De fato, para surpresa de muitos, o conturbado processo de paz com Israel, que deu origem à Autoridade Nacional Palestina, em 1994, e acabou se tornando em pouco mais que uma frágil coexistência entre os dois povos depois de passar pela segunda intifada (revolta), foi quase secundário nesta campanha. Com nome mais apaziguador, o Hamas concentrou esforços em denunciar a corrupção crônica e o cacoete centralizador do governo herdado por Abbas. Com a morte de Arafat, viu-se condenado a administrar uma ditadura sem ditador.
Nas ruas de Gaza e da Cisjordânia, predominam as cores amarela (Fatah) e verde (Hamas), nas milhares de bandeiras que tremulam ao lado de cartazes de propaganda dos candidatos. O mais popular deles, Marwan Barghouti, encabeça a chapa do Fatah, apesar de estar numa prisão israelense, condenado a cinco penas de prisão perpétua por terrorismo.
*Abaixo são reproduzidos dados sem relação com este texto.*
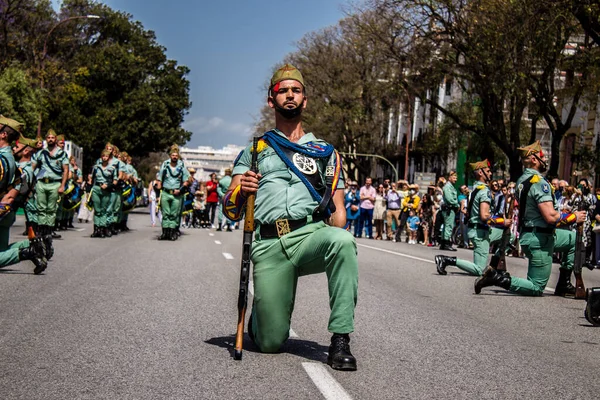 Seville, İspanya - 01 Mayıs 2022 İspanyol Lejyonu 'ndan profesyonel askerlerin geçidi, İspanyol Ordusu' nun bu askeri birliği Feria 'nın fırlatılması için Seville sokaklarında geçit töreni düzenliyor.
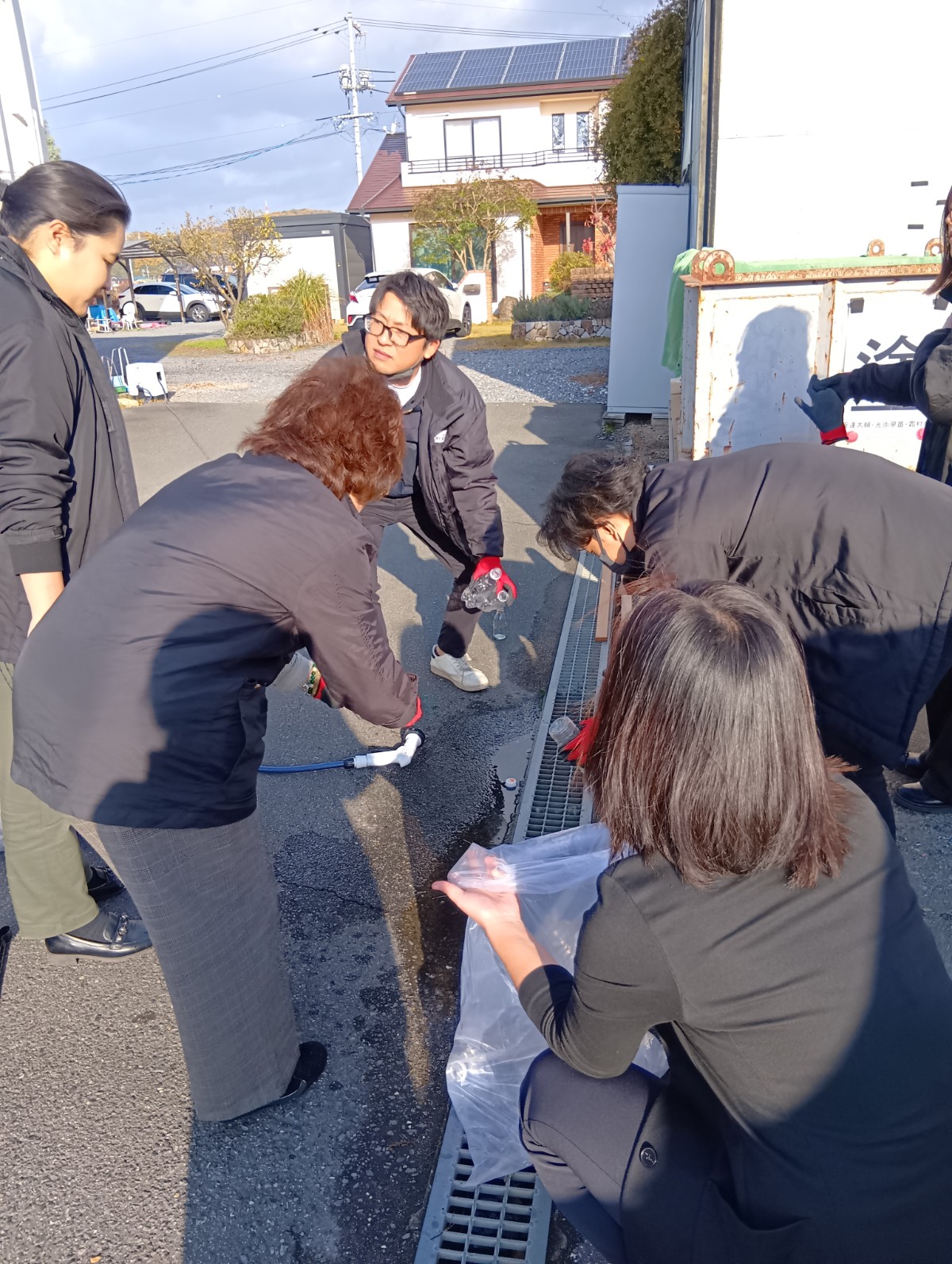 店舗周辺のゴミ拾いのご報告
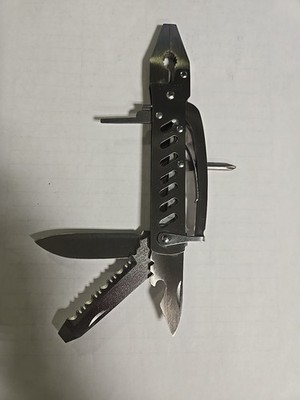 8 in 1 Stainless Steel Folding Multi Tool Pliers Knife Saw Used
Muito diferente da primeira eleição, em 1996, quando o Fatah concorreu quase sozinho e abocanhou 80% do Parlamento.
A imagem de Barghouti, deixando a corte israelense com os punhos algemados erguidos de forma desafiadora, é tão comum nos territórios palestinos quanto a de Arafat, cujos pecados parecem ter sido perdoados no dia 11 de novembro de 2004, quando morreu em Paris, para onde foi transferido após longo cerco israelense em seu QG de Ramallah. "Vote 11 em gratidão ao shahid [mártir]", pede um grande outdoor perto da praça principal de Gaza, abaixo de uma foto de Arafat, sorridente, abraçando Abbas.

Fatah enfraquecido
Corroído pelas divisões internas e pela impopularidade gerada por sua imagem corrupta, o Fatah ainda carrega a bandeira do nacionalismo palestino, erguida há quatro décadas ao ser fundado por Arafat, mas seu enfraquecimento é visível. "Quero mudança, não importa para que lado", diz o engenheiro Mustafa Najar, justificando seu voto hoje no Hamas.
Assim como ele, muitos dos votos que o grupo responsável por centenas de mortes de israelenses em ataques terroristas receberá hoje têm origem no protesto contra o Fatah e sua inchada e paternalista máquina estatal, e não num suposto apoio à radicalização contra o Estado judeu.
O espectro da violência que assusta os palestinos na eleição de hoje, também para surpresa geral, não vem do terrorista Hamas, mas de facções do Fatah inconformadas em perder terreno para os fundamentalistas. Ontem, um de seus líderes foi morto a tiros na Cisjordânia por correligionários, aumentando ainda mais a tensão.
"Apesar de tudo, espero que a eleição traga estabilidade para a região", diz o sociólogo israelense Baruch Kimmerling, autor de um livro clássico sobre a formação do povo palestino.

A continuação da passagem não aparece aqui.